======== Information provided ========

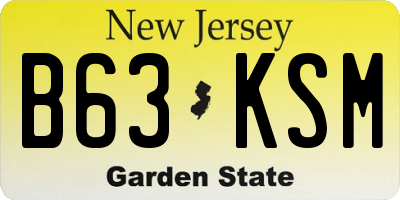 NJ license plate B63KSM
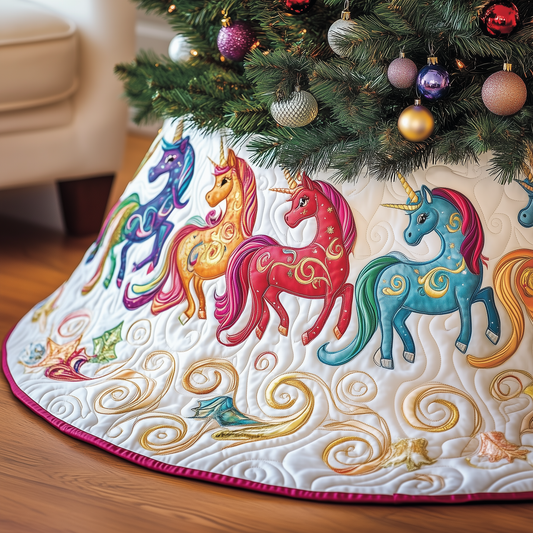 Christmas Joyful Unicorn Quilted Tree Skirt GFTOHD1125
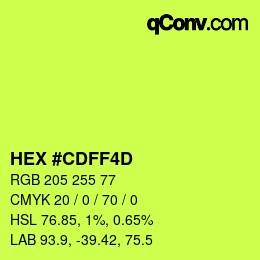 カラーコード: HEX #CDFF4D | qconv.com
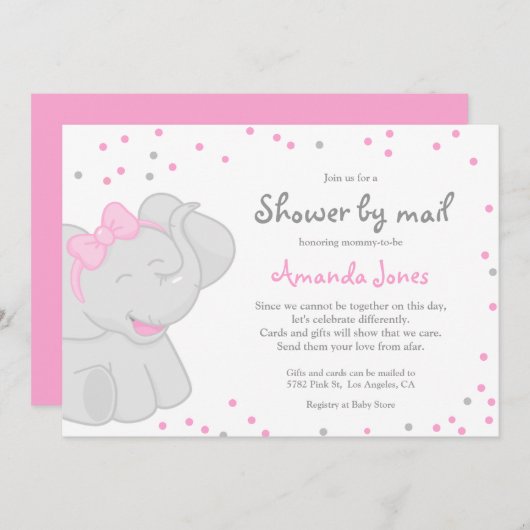 Baby shower Eléphant mignon fille 🎀 🐘 invitation (Devant / Derrière)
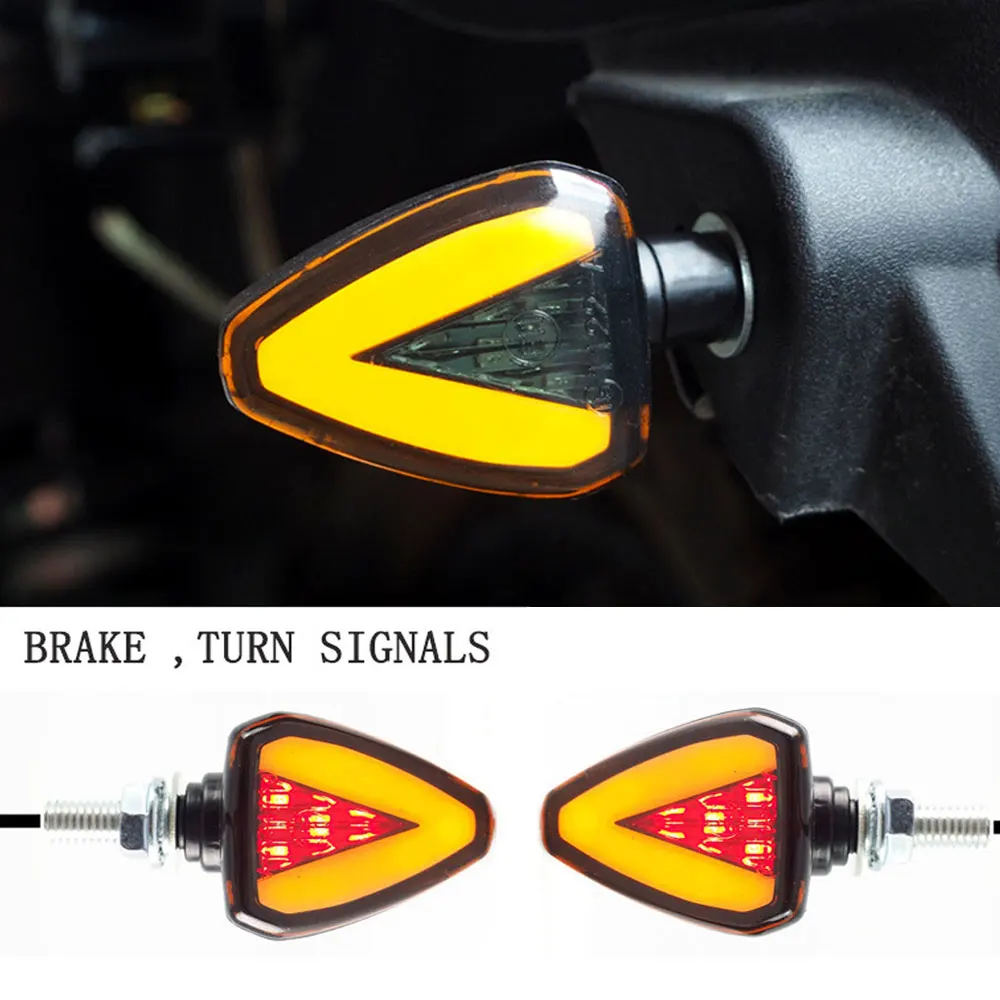 

2Pcs High Quality Motorcycle LED Stereo Triangle Turn Signal Electric Motorcycle Modification Signal Light with Brake Light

========

## [Your assignment]
Quote all the lines above exactly as given. Do not include the pictures.

## [Solution below]
 NJ license plate B63KSM
 Christmas Joyful Unicorn Quilted Tree Skirt GFTOHD1125
 カラーコード: HEX #CDFF4D | qconv.com
 Baby shower Eléphant mignon fille 🎀 🐘 invitation (Devant / Derrière)

2Pcs High Quality Motorcycle LED Stereo Triangle Turn Signal Electric Motorcycle Modification Signal Light with Brake Light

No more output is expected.